Proverbs are pithy and concise sayings which are usually age-old expressions for sharing wisdom. They might lack originality because of overuse, but they aptly describe a situation or fit into its context when used appropriately. They are taken from whatever source while crafting a language, for instance, they can come from folklore, incidents, poetry, songs, etc.

Use of Proverbs in language learning

Proverbs play a role in language learning because they enable cultural and metaphorical understanding, alongside providing a communicative edge. The historical and cultural context of proverbs is the reason why a language student tends to gain insight into the linguistic system of a particular language, thereby gaining fluency. Moreover, working on the interpretation of the proverbs makes it even easier to understand and memorize the structure and method of communication of a language.

Proverbs, adages, or aphorisms: which one best shares the wisdom?

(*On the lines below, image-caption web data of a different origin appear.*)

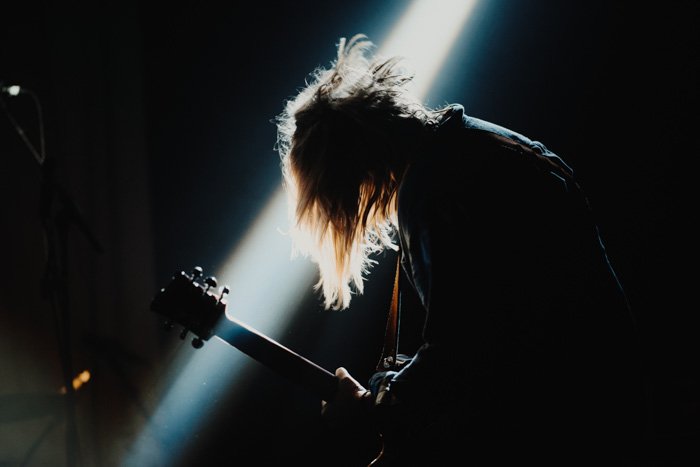 A silhouette of a guitarist performing with a shaft of light shining in the background providing backlight and rim lighting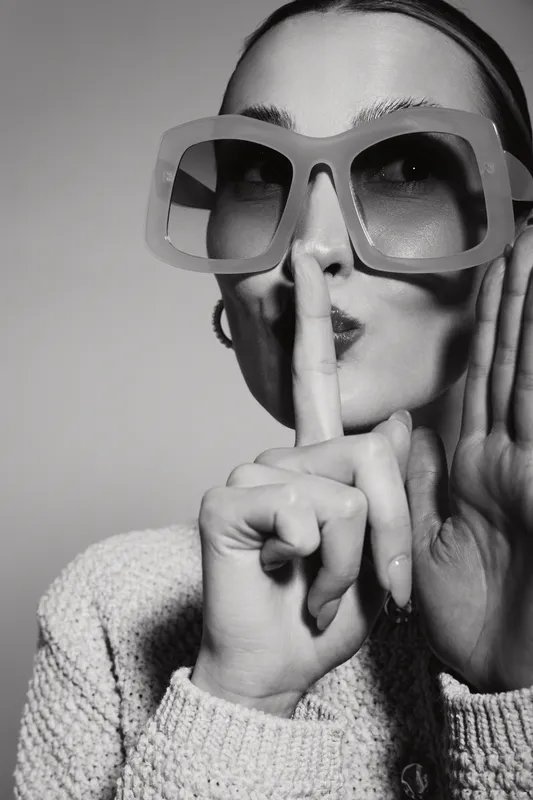 Young caucasian woman with fair skin wearing oversized glasses makes shushing gesture. Concept of silence and secrecy.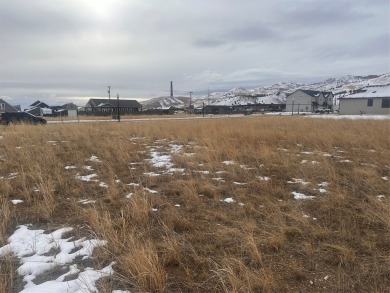 This flat, spacious lot is ready for you to create your perfect on The Old Works Golf Course in Montana - for sale on GolfHomes.com, golf home, golf lot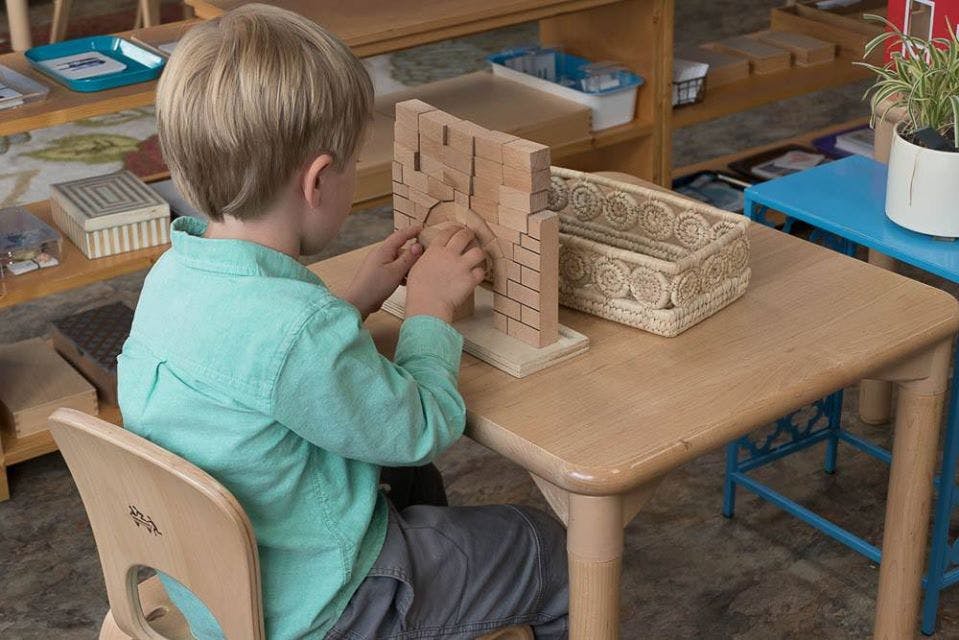 Child sitting at a table, working with a wooden puzzle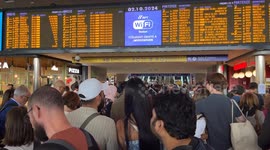 Travelers stopped at the Rome Termini station waiting to be able to catch a train while the boards signal severe delays in train departures and arrivals due to a technical fault at the Termini and Tiburtina railway stations in Rome.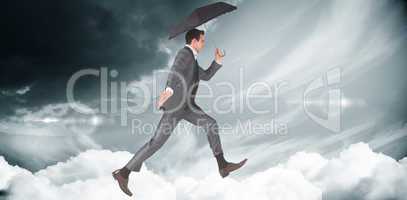 Composite image of businessman jumping holding an umbrella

All three terms are tools of communication and knowledge-sharing, but have only slight differences according to context and usage. However, in routine conversation, we often use them interchangeably, making all of them sound similar.  Here we have expanded on these overlapping terms to make the concept clearer and more understandable.

As defined earlier, proverbs are pithy and insightful sayings that usually belong to age-old traditions or incidents. They originate from common sense or experience and are often used as advice.


Make hay while the sun shines

Don’t put all your eggs in one basket

On the other hand, adages are more like general truths rather than advice. They arise from common observations and are not as commonly used as proverbs.


Art lies in concealing the art

The people reign, the elite rule

Aphorisms are short, clever, and concise sayings that often need interpretation to understand. They base on general truths like adages, but are more direct and summed up.


Measure twice and cut once

Easy come, easy go

Overall, what shares the wisdom best depends on the context or scenario in which they are used. Also, it might depend on and differ according to the linguistic system of a particular language.

Language proverbs from around the world

There are so many languages with proverbs related to their linguistic system. Here we have discussed some of the most popular languages’ proverbs.

English Language Proverbs

The major sources of English proverbs can be folklore, literature, or the Holy Scripture. Also, they include proverbs borrowed from other languages, like French or Latin.

Examples of English proverbs are

  • A bird in the hand is worth two in the bush

It means something that you have is better than the other thing that you do not have.

  • A stitch in time saves nine

It means you should complete a task on time before it gets even more difficult in the future.

Spanish Language Proverbs

Spanish proverbs mostly originate from ancient Spanish culture and literature.

Examples are:

  • El hábito no hace al monje (literal meaning: habit does not make the monk)

It means that appearance doesn’t determine who a person is.

  • Cada martes tiene su domingo (literal meaning: Each Tuesday has its Sunday)

It implies that there is “good” likely to come with or after every “bad”.

Russian Language Proverbs

Russian proverbs are picked from history and are known for being witty and sarcastic.

Some examples are:

  • Кто не рискует, тот не пьет шампанского (Literal meaning: He who doesn’t take risks, doesn’t drink champagne)

It means that those who take risks become successful and vice versa.

  • Живы бу́дем — не помрём (We will be alive, we won’t die)

It means that we must stay hopeful for good days in the future.

Japanese Language Proverbs

Japanese proverbs often originate from older Chinese proverbs or traditional Japanese culture.

A few examples include

  • 案ずるより産むが易しい。 (Literal meaning: Giving birth to a baby is easier than worrying about it)

It means doing something practically is easier than worrying about it.

  • 花は桜木人は武士 (Literal meaning: Of flowers, the cherry blossom; of men, the warrior)

It means as the cherry blossom is the best among flowers, warriors are the best among men.


Language proverbs are a wisdom-sharing tool among different cultures, as well as within the same culture. They convey insightful and deep ideas utilizing memorable phrases or sentences. Moreover, they are proof of the strong mental ability of human beings that develops over time through diverse experiences. These experiences then pass over to the next generations as valuable knowledge that can be applied to one’s daily life. One cannot underestimate the enormous methodological and practical value of using proverbs and sayings in the process of learning a foreign language.